Public Schools Are in Danger

Democrats may be winning the culture war in the classroom, but a fight against right-wing book banning won't be enough to save public eduction.

Saul Loeb/Getty Images
President Joe Biden speaks at Brookland Middle School in Washington, D.C.

President Joe Biden wants you to know something: The GOP is banning books. As the 2024 presidential contest heats up, Biden is making this issue—one of many that reveals how once-fringe causes are now mainstream GOP positions—a central theme of his own campaign messaging, warning voters that restricting what kids can read is part of a larger effort by Republicans to roll back freedoms.

Biden is right to highlight the issue. Polls have consistently shown that book bans are deeply unpopular with a broad cross section of Americans, and with key suburban voters in particular. But merely making the GOP synonymous with banning books isn’t enough to overcome the Democrats’ education problem. Even as Biden and the party more broadly are showing a growing comfort responding to Republicans’ myriad culture-war attacks, Democrats have yet to make a compelling case for why we have public schools in the first place.

For most of the past several generations, Democrats and Republicans alike embraced the idea that the primary purpose of education was to prepare people for jobs, and by extension address the nation’s deepening economic inequality. But while both parties advanced this narrative, it was the Democrats who fell hardest for what historian Jon Shelton calls the “education myth.” In their transition from Roosevelt’s New Deal coalition to Bill Clinton’s New Democrats, the party gave up its historical support for unionism and redistribution and became enamored with the idea that a rising tide of education would lift all boats. By the time of Barack Obama’s presidency, it was a party mantra that schooling—with a particular emphasis on obtaining college degrees—was the solution for economic insecurity.

But even as Democrats talked about education more and more, their understanding of why we have public schools in the first place continued to narrow. Lost in all the rhetoric about “ladders of opportunity” and “college and career readiness” was any larger sense of civic and democratic purpose. Education, as Democrats framed it, was good for one thing and one thing alone: getting a job.

Losing the plot has been disastrous for Democrats. Beginning in the 1980s, Democrats began to hemorrhage working-class voters without college degrees. Their message—that blue-collar workers simply needed more education, at a time when jobs were disappearing and wages were declining—rang as oblivious and insulting. But it also had serious consequences for K-12 and higher education. The nation’s schools were blamed for failing to blunt the impact of globalization and prepare American’s for “twenty-first century demands.” Meanwhile, colleges and universities became the target of right-wing ire for their association with elite Democrats whose only anti-poverty policy was college for all.

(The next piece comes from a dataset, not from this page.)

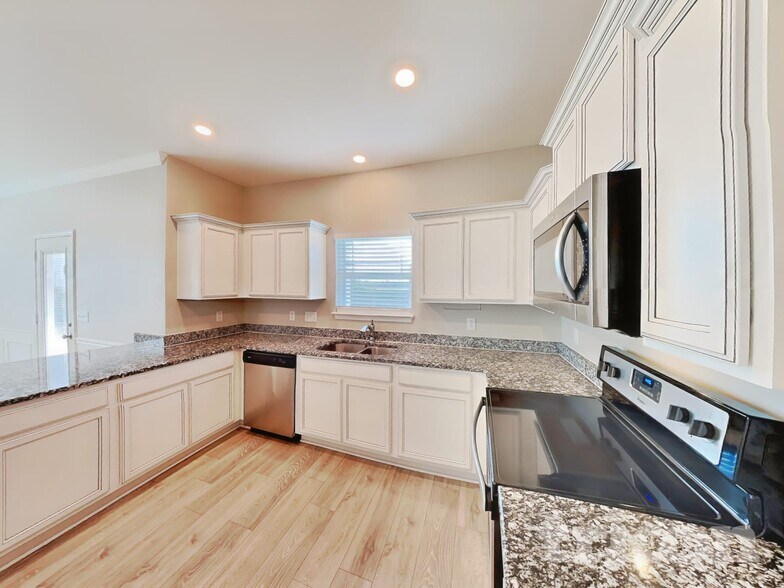 Building Photo - 2043 Shafer Dr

Today, the Democratic Party is slightly less in thrall to the education myth. The Biden administration’s steps toward student loan forgiveness, for example, is an overdue recognition that the college-for-all sales pitch has left millions of Americans saddled with debt and that schooling alone can’t lift everyone into the middle class. And by hailing unions and worker organizing, Biden has acknowledged the importance of collective action in boosting wages. The dramatic success of the (sadly short-lived) expanded child tax credit in reducing poverty is also likely to ease Democrats’ apprehensions about a more redistributionist agenda.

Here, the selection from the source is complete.